Town staff presented three alternatives to redesign the Rogers Road–Wesley Chapel intersection and recommended the council delay selecting a preferred alternative until project timing and priorities align.
Alternatives reviewed: The consultant presented three design options: (1) a split intersection with two new signalized junctions; (2) a quadrant intersection with multiple coordinated signals; and (3) retain the intersection with added turn lanes and revised signal timing. Staff noted the quadrant design has the largest estimated cost (approximately $9–11 million in current and near-future dollars), the split design is also high cost, and the smallest alternative (additional turn lanes and adjusted signal timing) carries a lower upfront cost but yields less long-term benefit for predicted 2050 traffic queuing and crash reduction.
Staff recommendation and council action: Staff recommended the council not select an option at this time, arguing the lower-cost alternative would not produce adequate long-term capacity benefits and the higher-cost alternatives will not be ready for construction until after other projects in the town’s queue. The council voted to defer a decision and instructed staff to keep the study materials on file and to update cost estimates and outreach when the project approaches the top of the construction queue.
Why it matters: The intersection shows high projected queue lengths and has had 36 crashes in the prior five years.

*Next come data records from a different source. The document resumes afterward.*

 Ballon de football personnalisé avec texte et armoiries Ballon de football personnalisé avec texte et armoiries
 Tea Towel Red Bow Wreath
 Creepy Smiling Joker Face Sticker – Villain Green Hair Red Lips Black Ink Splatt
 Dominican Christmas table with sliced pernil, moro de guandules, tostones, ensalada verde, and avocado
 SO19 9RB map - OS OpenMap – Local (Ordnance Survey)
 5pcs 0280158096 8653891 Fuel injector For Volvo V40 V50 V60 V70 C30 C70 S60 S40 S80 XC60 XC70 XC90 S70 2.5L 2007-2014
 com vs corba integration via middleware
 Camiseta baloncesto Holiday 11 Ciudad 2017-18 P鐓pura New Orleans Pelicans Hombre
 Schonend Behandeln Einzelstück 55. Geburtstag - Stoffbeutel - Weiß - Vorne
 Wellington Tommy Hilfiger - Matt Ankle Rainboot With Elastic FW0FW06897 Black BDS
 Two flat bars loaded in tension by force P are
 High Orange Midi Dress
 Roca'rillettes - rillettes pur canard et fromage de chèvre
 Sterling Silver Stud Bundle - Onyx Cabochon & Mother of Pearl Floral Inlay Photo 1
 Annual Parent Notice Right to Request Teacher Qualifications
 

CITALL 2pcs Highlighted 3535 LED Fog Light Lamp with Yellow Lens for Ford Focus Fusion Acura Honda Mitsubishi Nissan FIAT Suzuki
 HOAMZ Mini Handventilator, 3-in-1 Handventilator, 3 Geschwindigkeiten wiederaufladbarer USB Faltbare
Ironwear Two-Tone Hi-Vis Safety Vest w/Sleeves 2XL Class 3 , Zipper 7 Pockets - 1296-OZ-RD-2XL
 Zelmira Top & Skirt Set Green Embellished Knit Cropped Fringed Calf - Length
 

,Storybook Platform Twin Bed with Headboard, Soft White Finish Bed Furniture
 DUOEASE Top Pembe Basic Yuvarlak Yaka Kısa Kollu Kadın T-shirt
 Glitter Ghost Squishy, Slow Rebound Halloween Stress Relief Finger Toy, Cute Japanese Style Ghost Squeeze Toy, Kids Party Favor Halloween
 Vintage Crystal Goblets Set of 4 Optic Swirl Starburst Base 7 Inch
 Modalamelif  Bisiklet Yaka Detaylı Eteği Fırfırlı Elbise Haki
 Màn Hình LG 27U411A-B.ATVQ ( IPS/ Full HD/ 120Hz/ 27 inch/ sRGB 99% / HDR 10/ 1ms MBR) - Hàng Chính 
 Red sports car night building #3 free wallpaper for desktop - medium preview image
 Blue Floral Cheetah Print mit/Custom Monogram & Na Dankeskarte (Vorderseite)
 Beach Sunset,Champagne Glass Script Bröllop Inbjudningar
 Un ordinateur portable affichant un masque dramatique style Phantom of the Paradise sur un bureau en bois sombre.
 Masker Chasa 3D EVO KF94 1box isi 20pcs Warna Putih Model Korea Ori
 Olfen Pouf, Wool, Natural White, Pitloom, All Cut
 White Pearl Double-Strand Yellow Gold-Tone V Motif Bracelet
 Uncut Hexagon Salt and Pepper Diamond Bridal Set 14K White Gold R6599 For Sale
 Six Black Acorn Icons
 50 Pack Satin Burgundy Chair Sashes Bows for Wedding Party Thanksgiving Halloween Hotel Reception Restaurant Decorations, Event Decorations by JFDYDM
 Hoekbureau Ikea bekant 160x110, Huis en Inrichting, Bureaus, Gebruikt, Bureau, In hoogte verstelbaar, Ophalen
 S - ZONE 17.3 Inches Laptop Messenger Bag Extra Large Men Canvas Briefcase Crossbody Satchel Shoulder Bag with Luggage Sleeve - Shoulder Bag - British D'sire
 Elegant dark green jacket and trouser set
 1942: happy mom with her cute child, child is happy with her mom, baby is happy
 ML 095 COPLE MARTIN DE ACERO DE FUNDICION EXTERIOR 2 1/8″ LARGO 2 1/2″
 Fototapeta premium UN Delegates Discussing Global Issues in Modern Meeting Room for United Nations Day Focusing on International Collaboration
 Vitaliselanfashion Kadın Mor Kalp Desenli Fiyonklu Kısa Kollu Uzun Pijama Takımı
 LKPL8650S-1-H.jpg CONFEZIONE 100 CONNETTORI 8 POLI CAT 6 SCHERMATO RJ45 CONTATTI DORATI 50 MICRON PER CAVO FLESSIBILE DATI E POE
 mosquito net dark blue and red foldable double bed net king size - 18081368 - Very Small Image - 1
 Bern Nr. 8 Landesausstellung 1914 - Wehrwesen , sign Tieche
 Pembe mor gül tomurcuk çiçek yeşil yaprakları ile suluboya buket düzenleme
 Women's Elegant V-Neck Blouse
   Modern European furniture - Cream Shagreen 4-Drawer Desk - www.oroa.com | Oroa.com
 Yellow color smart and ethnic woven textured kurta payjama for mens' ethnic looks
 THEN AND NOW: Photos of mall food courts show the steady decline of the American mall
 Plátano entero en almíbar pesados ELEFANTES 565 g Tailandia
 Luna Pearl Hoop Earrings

The choice among alternatives balances near-term cost, long-term capacity and crash-reduction benefits.
Next steps: Staff will leave the consultant’s report and the public survey data in the record, update cost estimates when project timing becomes clearer and return to council later; the public-preferred lower-cost option will remain documented in the study but not advanced immediately.
Ending: Council accepted staff’s recommendation to stand pat for now and revisit the corridor when funding and project sequencing allow.